On Thu, May 04, 2006 at 01:32:45 -0400, Greg Stark <gsstark@mit.edu> wrote:
> Bruno Wolff III <bruno@wolff.to> writes:
>
> > On Thu, May 04, 2006 at 00:05:16 -0400,
> > Greg Stark <gsstark@mit.edu> wrote:
> > > Bruno Wolff III <bruno@wolff.to> writes:
> > >
> > > > > Whereas it shouldn't be hard to prove that this is equivalent:
> > > > >
> > > > > stark=> explain select col1 from test group by upper(col1),col1 order by upper(col1);
> > > > > QUERY PLAN
> > > > > ---------------------------------------------------------------------
> > > > > Group (cost=88.50..98.23 rows=200 width=32)
> > > > > -> Sort (cost=88.50..91.58 rows=1230 width=32)

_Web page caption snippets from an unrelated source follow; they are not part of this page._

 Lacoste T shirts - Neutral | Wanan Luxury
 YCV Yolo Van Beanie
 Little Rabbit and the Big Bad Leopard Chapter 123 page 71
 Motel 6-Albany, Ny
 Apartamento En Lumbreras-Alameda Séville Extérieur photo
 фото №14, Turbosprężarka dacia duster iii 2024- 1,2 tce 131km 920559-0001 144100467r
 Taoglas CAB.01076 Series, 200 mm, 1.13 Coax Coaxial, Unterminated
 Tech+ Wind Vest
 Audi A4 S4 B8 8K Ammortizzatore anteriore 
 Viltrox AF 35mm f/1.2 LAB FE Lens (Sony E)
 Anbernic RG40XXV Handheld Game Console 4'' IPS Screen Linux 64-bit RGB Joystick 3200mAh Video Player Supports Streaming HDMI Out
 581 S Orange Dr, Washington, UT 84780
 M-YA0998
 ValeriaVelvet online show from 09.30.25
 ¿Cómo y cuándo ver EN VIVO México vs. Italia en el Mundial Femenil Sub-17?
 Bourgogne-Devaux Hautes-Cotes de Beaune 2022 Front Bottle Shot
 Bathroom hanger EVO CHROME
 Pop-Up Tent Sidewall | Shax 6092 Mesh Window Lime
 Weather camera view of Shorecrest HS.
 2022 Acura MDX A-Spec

> > > > > Sort Key: upper(col1), col1
> > > > > -> Seq Scan on test (cost=0.00..25.38 rows=1230 width=32)
> > > > > (4 rows)
> > > >
> > > > I don't think you can assume that that will be true for any locale. If there
> > > > are two different characters that both have the same uppercase version, this
> > > > will break things.
> > >
> > > No it won't.
> >
> > Sure it will, because when you do the group by you will get a different
> > number of groups. When grouping by the original characters you will get
> > separate groups for characters that have the same uppercase character, where
> > as when grouing by the uppercased characters you won't.
>
> But grouping on *both* will produce the same groups as grouping on the
> original characters alone.
OK, I misssed that. My brain only saw upper(col) and not the immediately
following ,col1.
I aggree that grouping by col1 and upper(col1), col1 will give you the same
groups. And hence the queries should be equivalent.